Многие сказочные образы касаются чаще не телесной жизни человека, а жизни его души, даже точнее, его духа. Поэтому их сказочность условна, на самом деле они конкретно реалистичны. О духе огня сказать «огонь» — глупо. Это так же глупо, как назвать самолет алюминием или железом. Дух огня и не огонь вовсе, не говоря уже о том, что огонь на самом деле химическая реакция.
Из всех моих замыслов сказочный — самый лучший. Может быть, «Вася Куролесов» — четвертая серия сказки, и все домовые и лешие на месте. Одна мать — всегда мать. Одна колыбельная — всегда колыбельная. А плач Ярославны — всегда плач Ярославны. Вот и будет Лене великая роль. Пропадет сынок, пойдет мать за сыном. И все любимые образы вставить...

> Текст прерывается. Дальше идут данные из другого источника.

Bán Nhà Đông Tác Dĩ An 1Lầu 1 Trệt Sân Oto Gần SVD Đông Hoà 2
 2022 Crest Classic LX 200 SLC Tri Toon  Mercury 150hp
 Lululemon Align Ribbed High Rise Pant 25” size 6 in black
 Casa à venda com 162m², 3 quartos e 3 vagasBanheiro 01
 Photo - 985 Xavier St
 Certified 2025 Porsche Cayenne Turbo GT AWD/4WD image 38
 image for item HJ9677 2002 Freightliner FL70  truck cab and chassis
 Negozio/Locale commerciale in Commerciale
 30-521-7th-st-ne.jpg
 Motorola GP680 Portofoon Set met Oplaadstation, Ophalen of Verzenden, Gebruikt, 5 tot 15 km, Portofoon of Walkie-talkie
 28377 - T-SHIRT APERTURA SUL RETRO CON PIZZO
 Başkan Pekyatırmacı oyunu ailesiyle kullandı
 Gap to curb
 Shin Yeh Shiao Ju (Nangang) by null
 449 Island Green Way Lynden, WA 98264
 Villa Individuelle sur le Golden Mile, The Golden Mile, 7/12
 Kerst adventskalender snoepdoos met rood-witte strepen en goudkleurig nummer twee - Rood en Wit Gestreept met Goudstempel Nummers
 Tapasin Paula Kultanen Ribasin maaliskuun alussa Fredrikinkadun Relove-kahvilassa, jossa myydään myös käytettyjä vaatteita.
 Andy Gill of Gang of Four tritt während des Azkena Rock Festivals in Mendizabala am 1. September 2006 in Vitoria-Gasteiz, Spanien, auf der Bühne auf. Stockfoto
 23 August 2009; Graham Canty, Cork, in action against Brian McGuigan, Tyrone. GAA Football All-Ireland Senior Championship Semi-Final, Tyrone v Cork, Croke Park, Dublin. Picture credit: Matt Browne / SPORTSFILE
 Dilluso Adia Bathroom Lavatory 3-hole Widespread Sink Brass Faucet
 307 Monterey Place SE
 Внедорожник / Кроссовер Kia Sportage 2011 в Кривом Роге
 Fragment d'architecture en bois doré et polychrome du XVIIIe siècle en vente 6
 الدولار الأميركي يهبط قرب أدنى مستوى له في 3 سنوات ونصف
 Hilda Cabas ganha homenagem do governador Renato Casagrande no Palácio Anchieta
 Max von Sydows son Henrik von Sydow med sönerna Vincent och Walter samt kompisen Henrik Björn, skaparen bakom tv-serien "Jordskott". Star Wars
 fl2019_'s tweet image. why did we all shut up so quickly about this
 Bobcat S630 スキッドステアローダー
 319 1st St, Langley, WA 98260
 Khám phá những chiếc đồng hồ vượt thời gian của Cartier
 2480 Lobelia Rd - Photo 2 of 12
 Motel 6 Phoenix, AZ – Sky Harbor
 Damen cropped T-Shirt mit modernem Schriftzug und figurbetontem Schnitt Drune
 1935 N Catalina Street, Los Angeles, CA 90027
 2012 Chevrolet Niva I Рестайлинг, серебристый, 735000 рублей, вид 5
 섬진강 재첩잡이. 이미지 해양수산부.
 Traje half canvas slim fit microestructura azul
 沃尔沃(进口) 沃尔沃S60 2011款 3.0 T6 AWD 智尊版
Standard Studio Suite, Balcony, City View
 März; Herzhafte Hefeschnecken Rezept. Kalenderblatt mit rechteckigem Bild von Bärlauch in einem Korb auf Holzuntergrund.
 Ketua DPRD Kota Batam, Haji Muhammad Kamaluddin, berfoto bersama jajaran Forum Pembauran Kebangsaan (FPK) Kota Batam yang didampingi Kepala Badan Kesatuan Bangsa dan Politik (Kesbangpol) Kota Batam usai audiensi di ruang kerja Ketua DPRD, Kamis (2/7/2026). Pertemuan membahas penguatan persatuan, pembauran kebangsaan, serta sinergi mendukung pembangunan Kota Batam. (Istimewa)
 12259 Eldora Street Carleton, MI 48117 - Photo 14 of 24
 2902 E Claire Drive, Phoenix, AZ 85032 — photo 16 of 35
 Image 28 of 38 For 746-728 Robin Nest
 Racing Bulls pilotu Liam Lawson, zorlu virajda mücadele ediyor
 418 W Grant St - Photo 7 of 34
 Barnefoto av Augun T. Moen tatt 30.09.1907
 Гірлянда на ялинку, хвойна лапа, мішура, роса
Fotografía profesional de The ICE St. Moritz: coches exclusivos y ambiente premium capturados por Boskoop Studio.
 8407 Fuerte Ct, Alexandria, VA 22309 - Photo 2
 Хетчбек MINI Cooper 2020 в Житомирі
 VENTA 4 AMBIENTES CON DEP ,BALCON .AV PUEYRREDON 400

...Или все-таки надо делать «Соблазнителя»...
05.04.86 г. Суббота
Озвучиваю. В роли пока ничего не понимаю. Понимаю только одно — Лопушанский не вполне нормален. То, что я видел, профнепригодно. Но вот что такое тенденциозное восприятие: ему явно не очень нравится, что происходит «замена» его творчества на «мое» — что-то они придумали. Что — не знаю. Надо будет сделать копию, чтобы она у них не пропала (копию моей записи). И надо будет проследить, чтобы эта перезапись произошла.
Они все время совещаются со звукооператором. Звукооператор новый, взявшийся в картине непонятно откуда. Того Костя заменил. Почему? Вчера «Лучше не будет!» — вернемся[199].
Надо сделать кого-то свидетелем происходящего. Жаль, я вчера не использовал Бабушкина. Надо было посоветоваться[200].
Надо, чтобы кто-то отдежурил (Юра или?). Или ничего не надо.
У меня к нему <Лопушанскому>, особенно когда я вижу его Наташу[201], брезгливое отношение. Наташа продолжает свое: «Зачем, зачем он все Госкино поставил на уши?»
06.04.86 г.
Грусть в мое сердце приходит легко
И не дает мне уснуть
Небо души, как же ты высоко
Как же долог к тебе мой путь!
07.04.86 г.
Сегодня вторая смена озвучания. Еду с напряженкой. Что вынашивает этот больной мозг Кости — и предположить трудно. Во всяком случае, я не нашелся на реплику молодого звукорежиссера «лучше не будет». Они прекратили запись, якобы из-за того, что я устал. Я не придал этому значения, но в этом что-то есть. Жаль, если мои прогнозы окажутся верными. (Если они собираются что-то выкинуть, то они это сделают сегодня... Или испугаются?)
Во всяком случае, есть тревога. Интуиция, или я все-таки измотан в нервном отношении. Естественно, что в первую смену мне было трудно, будет легче. Они не привезли даже монтажных листов, чтобы я не мог озвучивать по тексту, а монтажные готовы[202]?
Тут важны письма Ларсена, звучащие за кадром, — это одна интонация, и важно, что они отличаются своей интонацией от бытовой речи. Что же во всем этом? Да, в общем, ничего сложного, кроме того, чтобы все было живым.
Ну, Костя, погоди!
08.04.86 г.
Только вчера (на второй смене) Лопушанский в какой-то степени понял, что очень хорошо, что я озвучиваю. Потому что только вчера обнаружилось, что многое вообще неизвестно как делать. Письма, написанные Германом, не очень-то уже и глубоки. «Я любил маму, мама любила меня и все остальное» — «квель» откровенная, прямо скажем, для очень бедных. Озвучание утратило для меня всякий интерес, важны просто интересы «фирмы» (то есть меня как фирмы).
Фильм обладает особым качеством: он есть и его нет, вернее, его нет, но он как бы есть. Это — типичное кинопойло кажущегося содержания, где вакуум вполне может рассчитывать на заполнение пустоты талантом зрителя.
Единственное, на что я надеюсь, так это на религиозность звучания отдельных построений фильма.
А жаль. Фильм мог состояться. Он был снят. Но смонтировать Костя его не смог, а у ребят (Арановича и Германа) не хватило ни желания, ни времени.
А для телека можно было бы сделать — невыбиваемые две серии.